Foi no isolamento social, sentado na sala enquanto seus filhos assistiam às aulas online, que o músico paulistano, atualmente com 63 anos, começou a compor Um sopro, canção em que discorre sobre as belezas, dificuldades e vontades que movem a vida a dois. A criação, a princípio despretensiosa, foi se juntando a um conjunto de músicas que iam surgindo e apresentando o tema comum do amor, o que deu ao artista a clareza de que, inconscientemente, estava desenvolvendo um álbum.

“Assim como todo mundo, de início (o isolamento social) deu uma sensação estranha, que deixou a gente se questionando muito. Pensava: ‘Poxa, o que eu sei fazer?’. Acho que colocou a gente em uma situação de buscar a própria direção na vida. Havia também a frustração de não encontrar o público, os parceiros, os músicos, enfim, uma paralisação completa das atividades. Então, sentei ao violão, no meio da sala e comecei a rascunhar umas canções. Não foi calculado. Quando Um sopro surgiu, foi, de uma certa forma, uma chave para um portal, uma sensação de que eu estava sendo transportado para outro lugar, de realização, de poder criar um ambiente de leveza e, ao mesmo tempo, também levantar questionamentos, apontar um lugar crítico em relação à coisa romântica”, explicou em entrevista à Continente.

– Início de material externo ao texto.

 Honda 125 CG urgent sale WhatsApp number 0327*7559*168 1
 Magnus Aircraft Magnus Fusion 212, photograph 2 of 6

Ao contrário de seus trabalhos anteriores, fossem na criação com os Titãs ou mesmo em carreira solo, como no disco A gente mora no agora (2017), no qual trabalhou com nomes como Erasmo Carlos, Guilherme Arantes, Céu, Emicida, Nando Reis, Arnaldo Antunes, Silva, Russo Passapusso, Pupillo e Tim Bernardes, este foi um álbum desenvolvido inteiramente por Miklos, sem as trocas das parcerias, seja nas composições ou nas interpretações. O artista atribui a essa condição imposta pela crise sanitária a possibilidade de explorar sem restrições suas idiossincrasias, referências afetivas e musicais.

“Ao me ver sozinho, musicalmente falando, houve um resultado interessante. Eu não estava preocupado em seduzir o parceiro, de endereçar algo, de tentar criar uma ligação com o que ele gosta ou com sua história. Então, deixei aflorar um histórico meu de música pop, radiofônica, daquilo que sempre ouvi no rádio. Acho que o disco tem um pouco dessa característica, desse colorido. É muito autêntico, no sentido de que eu não tinha nenhum direcionamento, de que uma música precisava ser um rock, a outra uma valsa, por exemplo. Essa liberdade, além das canções e das letras, também está presente nas melodias”, explicou.

As possibilidades de criação citadas por Miklos permeiam Do amor não vai sobrar ninguém. Sonoramente, o disco é diverso, rico nas melodias e nos arranjos, passeia por diferentes gêneros musicais, ao mesmo tempo em que tem uma unidade, soa como uma obra com narrativa bem definida. As canções funcionam sozinhas, poderiam ser sucessos radiofônicos enquanto singles, mas, juntas, ganham mais força, com ótimas produções de Rafael Ramos. Existe algo de otimista e pulsante nas canções, que, criadas em um ambiente social inóspito, parecem querer lembrar que o amor, em seu melhor e pior, é uma arma poderosa.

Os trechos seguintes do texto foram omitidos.